I currently have a 450D but am in the same boat to a degree.... I think looking at pictures people post the 7D is capable of getting some amazing results and is light years ahead of my current body. However do I get a refurbed Loyalty 7D for 1000 bucks or hope the 7D2 or 70D are with the upgrade for 1500 ish or go with a 5D2 that I know takes great pics but is slow IMO. ( I day dream just thinking about 8FPS all day long)


----------



## wickidwombat (Jun 11, 2012)

Marine03 said:


> papa-razzi said:
> 
> 
> > I've been very happy with my 7D. For me the only thing lacking is the IQ at higher ISO. I don't need more Megapixels, FPS, newer AF system, etc. I've been tempted to add a 5DII as a second body along with my 7D, but I've been focusing on building up my set of lenses first. I am also waiting to see if there is an entry level FF that replaces the 5DII or if a 70D or 7DII comes along that solves my better IQ desire with one camera. I expect to sit tight with my 7D for another year before making a move.
> ...



i am afraid there is precisely zero chance the 7D2 will be anywhere near $1500


----------



## LetTheRightLensIn (Jun 11, 2012)

papa-razzi said:


> I've been very happy with my 7D. For me the only thing lacking is the IQ at higher ISO. I don't need more Megapixels, FPS, newer AF system, etc.



The problem is the 7D is already getting near the reasonable limits of how good APS-C can be at high ISO. They could go 1/3 stop better for sure and probably even 1/2 stop better, but more than that and you may be waiting for something that won't arrive, at least not with any sensor at all like the ones they have been using, and even if not there is not a ton of room left to get better anyway. For dynamic range they could improve things a ton though.


----------



## AvTvM (Jun 11, 2012)

Marsu42 said:


> Many people disagreed, but I have to say the future is so obvious because the only reason to keep the mirror around is the af systems, and once mirrorless af is competitive enough for joe sixpack it's bye bye traditional dslr. Only the pro bodies will keep the mirror for advanced af and because these people won't want to switch to an evf.

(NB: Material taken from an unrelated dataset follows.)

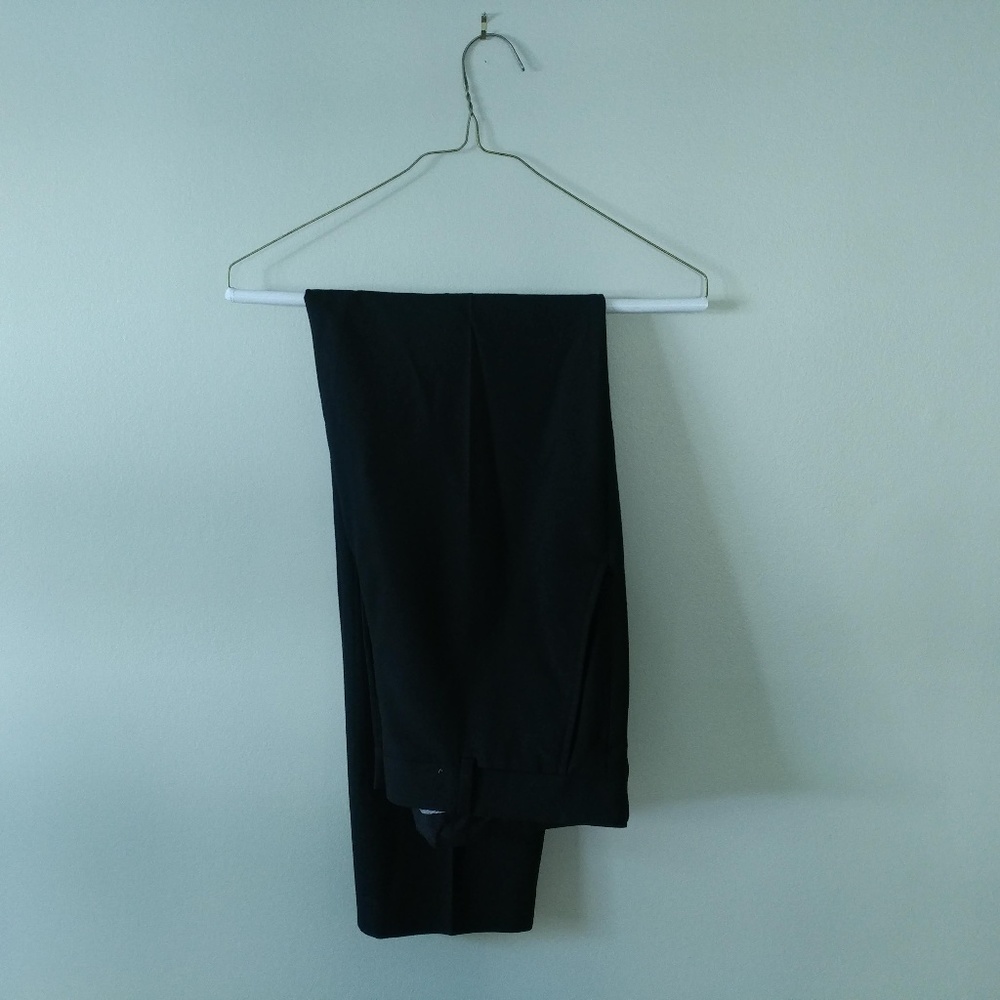 J. Ferrar Super Slim Fit Dress Pants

I fully agree with you, that "mirrorless is in the near future" and personally I welcome that. But exactly how "near" is the bright mirrorless future? 

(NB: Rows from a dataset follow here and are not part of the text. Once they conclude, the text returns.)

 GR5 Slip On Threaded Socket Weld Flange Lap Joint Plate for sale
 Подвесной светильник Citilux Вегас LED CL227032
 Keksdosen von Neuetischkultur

Two important areas are still very much "under construction" today:

1. AF ... yes, we are getting closer ... BUT the 650D hybrid AF implementation really is "first generation" and for sure still has a lot of limitations that keep it from being truly "hi-end" - compared to what current 7D user gruop expects in terms of AF performance.

2. Viewfinder ... the even bigger reason for a mirror box + prism in cameras! The majority of the 7D-target audience [= photo enthusiasts + semi-pro on a budget + pros for focal-length-limited/fast action assignments] would certainly not yet accept even the best current EVFs as an adequate replcement for the 7D viewfinder [not to mention a much larger and brighter FF DSLR viewfinder]. Myself included. 

I expect construction in these 2 areas to take long enough, to definitely require a 7D II [if not even a Mk. III!] to "bridge the gap" until a truly "pro-grade" APS-C mirrorless will come to market. 
Situation is the same for Nikon, btw ... I believe there will be an APS-C D300s successor (D400), because Nikon is not ready for a hi-end mirrorless either. 

The next one or even two rounds of hi-end APS-C DSLRs [7D II ... 7D III] will also be required to help the 7D user-base getting their minds and wallets around the fact that they will also need to buy new lenses - on top of any investment in EF-S and EF glass - if they want to reap the benefit of more compact lenses, working natively, without adapter on their new mirrorless. ;-)


----------



## Albi86 (Jun 11, 2012)

Mt Spokane Photography said:


> So far, Nikon has not released a D400 either, but both D400 and 7D MK II will likely arrive this summer.



I don't think so. 7D's new firmware suggests no replacement anytime soon - unless Canon tricked us making us think so in order to keep selling the current 7D at full price.

I'm am sure enough that we will see both D400 and D600 (one for sure at Photokina, maybe both) within the year and before Canon gives us a 7D2.


----------



## Marsu42 (Jun 11, 2012)

LetTheRightLensIn said:


> They could go 1/3 stop better for sure and probably even 1/2 stop better, but more than that and you may be waiting for something that won't arrive



It's not aps-c itself, but the fact that Canon is pushing mp count which each new sensor iteration so noise isn't substantially improved at 100% crop. We might see this happen again with the 70d: 22mp, a little noise improvement which the current Canon sensor tech can deliver, but iso 800 is still the max. good setting.



LetTheRightLensIn said:


> For dynamic range they could improve things a ton though.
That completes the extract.